Given my interests in the classic wines of Bordeaux and Burgundy, the attraction of bottles labelled IGP Pays d’Oc have largely passed me by. Up until now. Delving into the subject for this article, I discovered there was much more to IGP Pays d’Oc than I had realised. Rather than being a generic classification characterised by low prices and easy-drinking, varietally labelled wines, this is an innovative, fast-moving sector with many wines to set the pulses racing.
My formative wine experiences date back to the early 1980s – exciting times, when one could buy second wines from Bordeaux first growths for less than £15, and the world was just coming to terms with the fact that not only did New Zealand grow vines, but they produced Sauvignon Blanc which seemed to come from another planet.
Back then, Languedoc-Roussillon in France’s far south was renowned for the production of cheap bulk wine, where volume was the main driver. The region was already suffering before Australian Chardonnay and Syrah joined forces with New Zealand Sauvignon Blanc to provide consumers with wines that were fruit-driven, easy-drinking and great value. Sales of Languedoc wines sank even further.

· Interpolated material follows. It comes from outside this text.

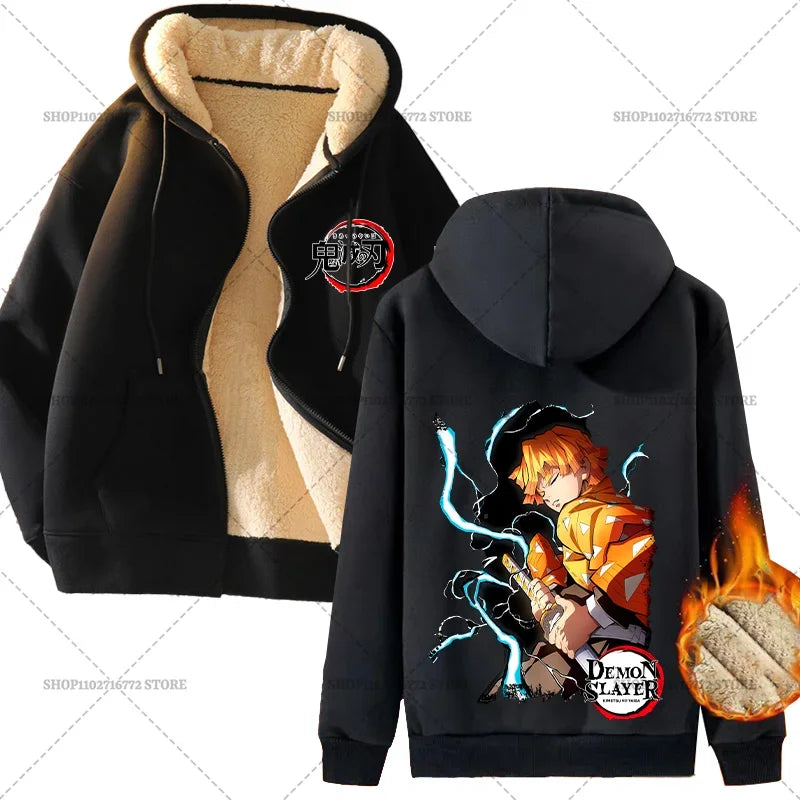 Yokai Supply “Demon Slayer” Zip Hoodie – Winter Anime Fleece Jacket (Unisex)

My perceptions were that although the region was home to a handful of excellent small producers, large cooperatives dominated the scene with mass-production and low-cost the key. When wine regulations were changed in 1987, allowing Languedoc-Roussillon producers to adopt varietal labelling, I suspected this was a blatant move to cash in on the demand for New World-style wines.
Although over the years I have enjoyed great wines such as Le Soula (near Perpignan), La Grange des Pères and Mas de Daumas Gassac (Aniane, near Montpellier), I’ve continued to overlook IGP Pays d’Oc in favour of other appellations. But, following research for this article, I’ve realised the Pays d’Oc is actually a treasure-trove of fascinating wines and dynamic producers. Pity it took me so long!
First demarcated in 1987 as Vin de Pays d’Oc, the vast scale of the vineyards is striking (see box). Covering four departments (Aude, Gard, Hérault and Pyrénées-Orientales), the region reaches from the Mediterranean coastline to the mountainous slopes of the Pyrenees and the Massif Central. The region’s size, along with its varied geology and climate, means there is no easily definable style.